Wenn es etwas gibt, wovor sich der Schweizer Handel fürchtet, dann ist das eine digitale Plattform, die ihm sein Geschäft wegnimmt, weil sie die Kunden besser abholt, die Waren schneller liefert und zudem günstiger verkauft.

Die Digitalisierung bietet dem Handel viele Innovationschancen, birgt aber auch Risiken. Das wurde beim Jahresmediengespräch des Verbandes Handel Schweiz in Zürich deutlich.

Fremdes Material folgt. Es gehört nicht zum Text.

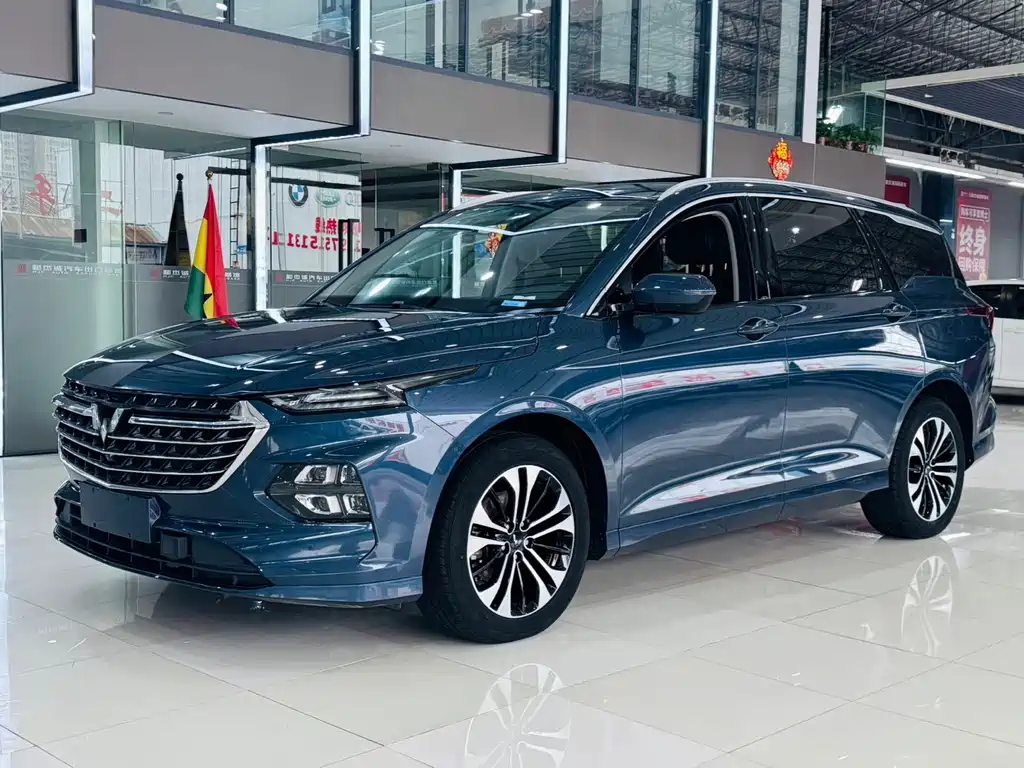 Wuling Victory 280 T 1.5 T CVT Flagship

Verbandsdirektor Kaspar Engeli sprach über «Die digitale Realität in den Schweizer Handelsunternehmen» und Erkenntnisse, die eine Umfrage unter den rund 4000 Mitgliedsfirmen zutage gefördert hatte. Rund drei Viertel der befragten Firmen sind Grosshändler, die meisten befassen sich mit Konsumgütern, Industriegütern oder Bauprodukten.

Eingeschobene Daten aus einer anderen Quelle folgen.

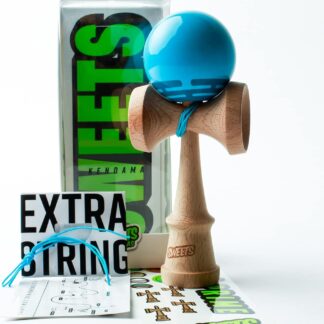 Sweets Kendama Radar Albastra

Innovationen dank smarter Digitalisierung
Laut Engeli bringt die Digitalisierung völlig neue Möglichkeiten mit sich. Er führte das Beispiel des Werkzeughändlers Brütsch Rüegger an, der Bohrköpfe mit einem eingebauten Chip zur Verschleissmessung verkauft. Nähert sich das Ende der Lebensdauer, wird automatisch ein neuer Bohrkopf bestellt und liegt rechtzeitig zum Wechsel bereit. Diese Smartheit sei, was der Kunde wolle, so Engeli. Im Einzelhandel werde man die Kunden künftig wesentlich genauer kennen, könne sie gezielter ansprechen und kanalisieren.

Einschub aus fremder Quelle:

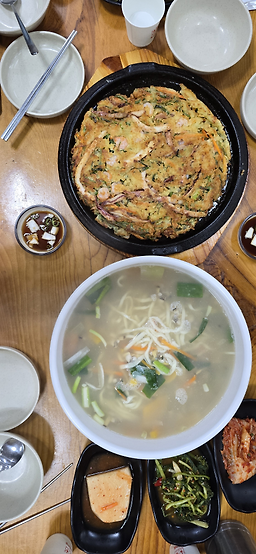 장보화손칼국수 5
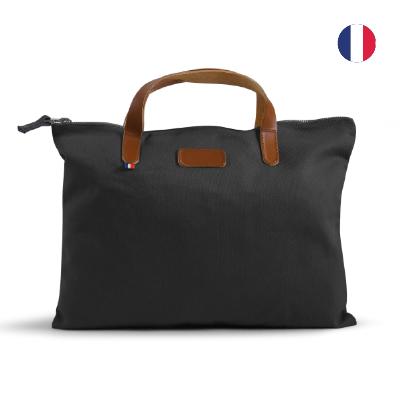 Sacoche en coton biologique made in France - 360 g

Entsprechend sehen sich fast alle für die Erhebung befragten Unternehmen (93 Prozent) im Wandel durch Digitalisierung begriffen und gestalten diesen aktiv mit. Die Hälfte sieht sich dabei mindestens so gut aufgestellt wie ihre Wettbewerber. Für rund ein Drittel der Firmen hat die Digitalisierung bereits einen positiven Umsatzeffekt, etwa elf Prozent berichten das Gegenteil. Die Unternehmen müssen sich aber auf mehreren Ebenen verändern: Die Hersteller entwickeln neue Produkte, die dem Handel Impulse im Sortiment oder in der Beratung vermitteln. Digitale Schnittstellen zwischen Herstellern, Grosshändlern und Fachhandel senken die Kosten und beschleunigen die Prozesse – sie sind jedoch sehr aufwendig und oft kapitalintensiv.

Gut die Hälfte der Firmen sieht sich jedoch durch Unternehmen von ausserhalb des Handels bedroht; das sind elf Prozent mehr als noch vor drei Jahren. Insbesondere kommt das klassische Geschäftsmodell der Händler durch digitale Plattformen wie Amazon, Galaxus oder Alibaba unter Druck. Vermutlich im Sinne eines Abwehrdispositivs nutzen deshalb nur 20 Prozent der Händler solche Plattformen für sich. Die Konkurrenzsituation hat sich beim Pricing etwas entspannt, dagegen ist sie mit Blick auf das Sortiment (das haben die Plattformen erweitert) und die Logistik gestiegen.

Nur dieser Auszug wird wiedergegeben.